J Thorac Dis. 2025 Sep 30;17(9):6516-6529. doi: 10.21037/jtd-24-521. Epub 2025 Sep 25.
ABSTRACT
BACKGROUND: The theory of Holistic Integrative Physiology and Medicine (HIPM) emphasizes the perspective of integrated regulation, which includes interconnected systems of respiration, circulation, and metabolism. Based on this perspective, we aim to comprehend the relationship between respiration and circulatory parameters such as heart rate variability (HRV) and blood pressure variability (BPV), thereby clarifying the interrelation of two essential physiological systems.

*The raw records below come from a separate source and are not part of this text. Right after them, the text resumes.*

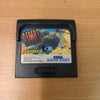 Desert strike Sega Game Gear game cart only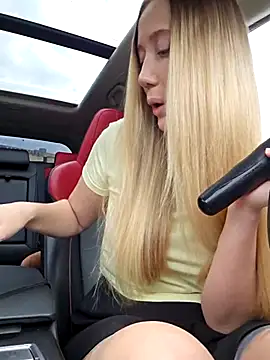 Pussy Drive03 online show from 05/11/26, 04:25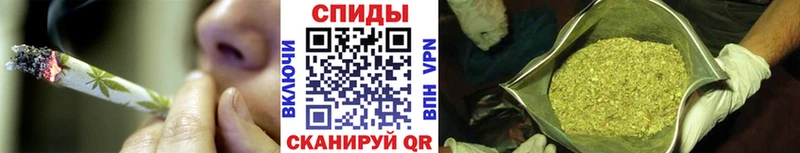 БУТИРАТ вода Ухта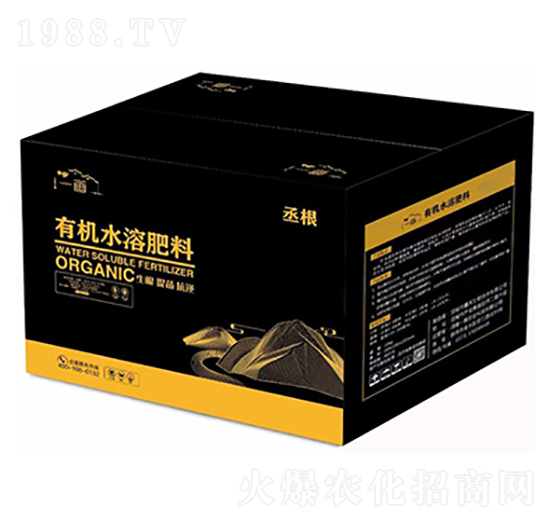 �ЙC(j��)ˮ�ܷ���-ة��һ��(hu��)�r(n��ng)�I(y��)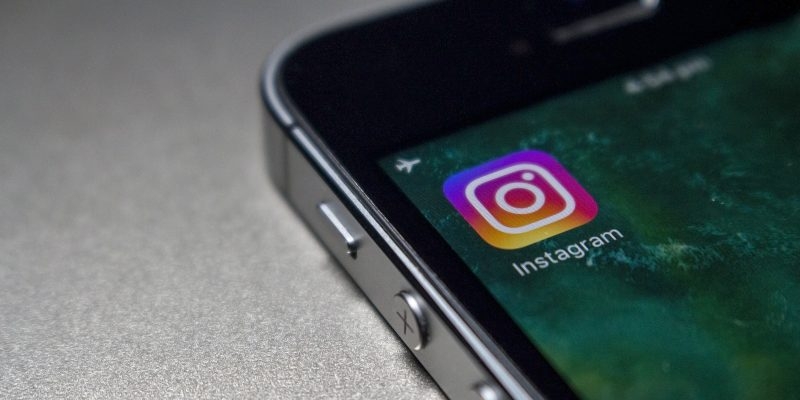 Instagram: Alles, was Sie über Ihre Privatsphäre wissen müssen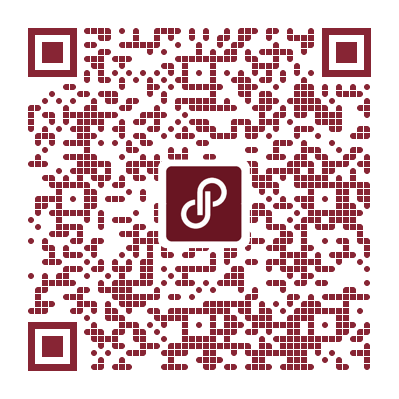 7f263ecd5d0b.png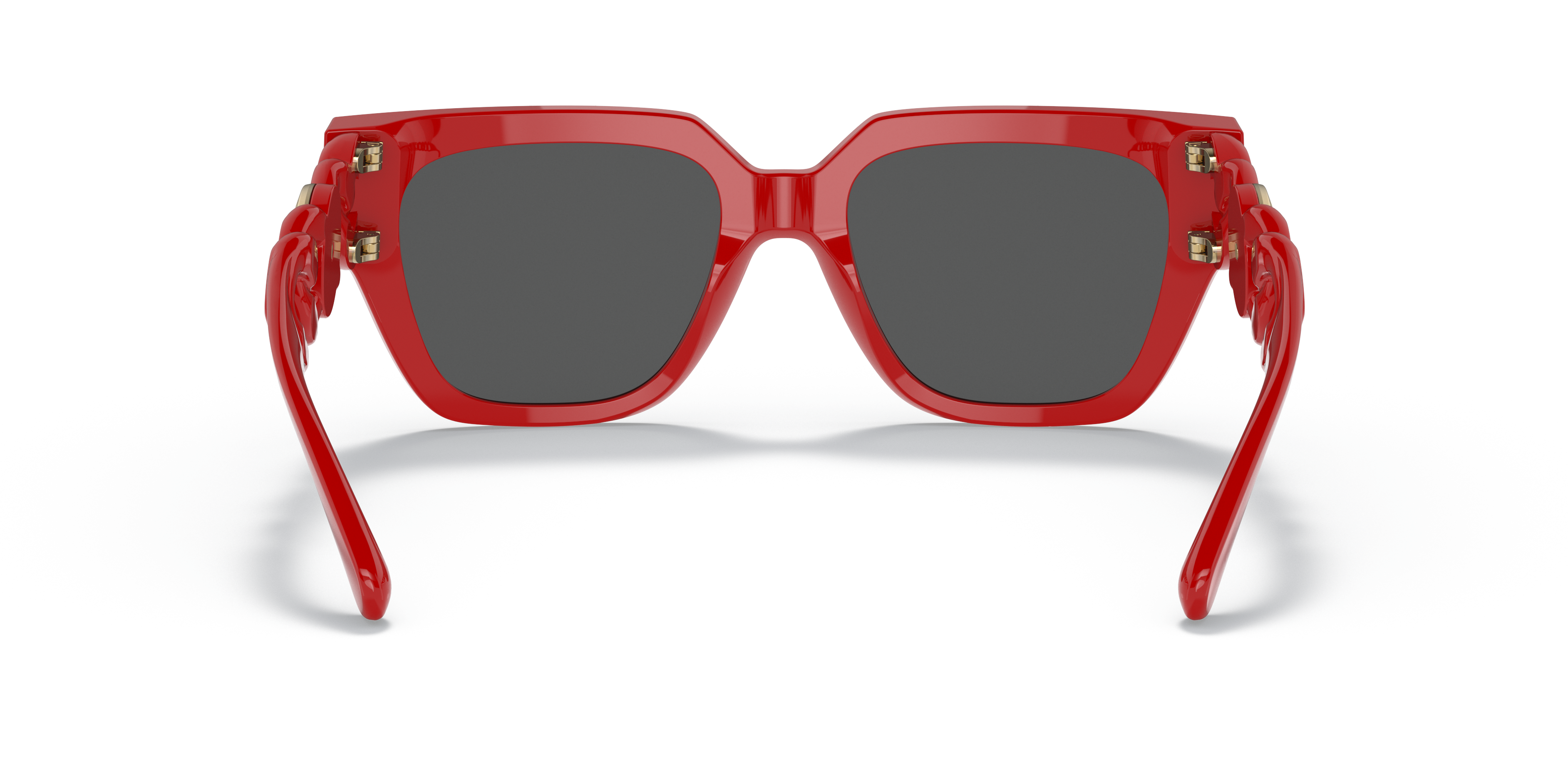 Red Sunglasses | Sunglass Hut 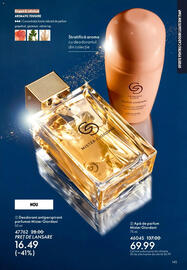 Catalog Oriflame Pagină 145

METHODS: This study conducted a retrospective analysis of data obtained during polysomnography (PSG) and cardiopulmonary exercise testing (CPET). These parameters included the mean amplitude of HRV, HRV percentage (HRV%), mean amplitude of systolic blood pressure variability (SBPV-M), mean amplitude of diastolic blood pressure variability (DBPV-M), along with the percentages of SBPV-M (SBPV-M%) and DBPV-M (DBPV-M%). Furthermore, we analyzed the relationship between nasal airflow respiratory cycles and circulatory cycles. We analyzed two groups: seven individuals without known diseases and eight patients with chronic diseases, all without sleep apnea syndrome on PSG.
RESULTS: Our study demonstrated significant differences between individuals without known diseases and patients with chronic diseases. In control group, the peak oxygen uptake (peak ) was 97.82±18.51 %Pred, the anaerobic threshold (AT) was 83.61±10.46 %Pred, the peak work rate was 111.09±31.01 %Pred, the HRV was 6.15±1.52 bpm and HRV% was 11.15%±3.71%, respectively. These values were significantly higher than those observed in patients with chronic diseases (P values were 0.009, 0.05, 0.005, <0.001 and 0.001). In the context of SBPV-M, DBPV-M, SBPV-M% and DBPV-M%, the values for individuals without known diseases were 2.27±0.83 mmHg, 2.12±0.40 mmHg, 2.07%±0.71%, and 3.10%±0.66%, respectively. No significant changes were seen when compared to those in patients with chronic diseases (P values were 0.36, 0.20, 0.66, and 0.08). The ratio of respiratory cycles to circulatory cycles was nearly 1:1 in both groups.
CONCLUSIONS: This study demonstrates two principal observations: (I) precise synchronization between respiratory cycles and cardiovascular variability cycles during stable sleep phases; (II) lower HRV magnitudes observed in participants with chronic diseases compared to controls.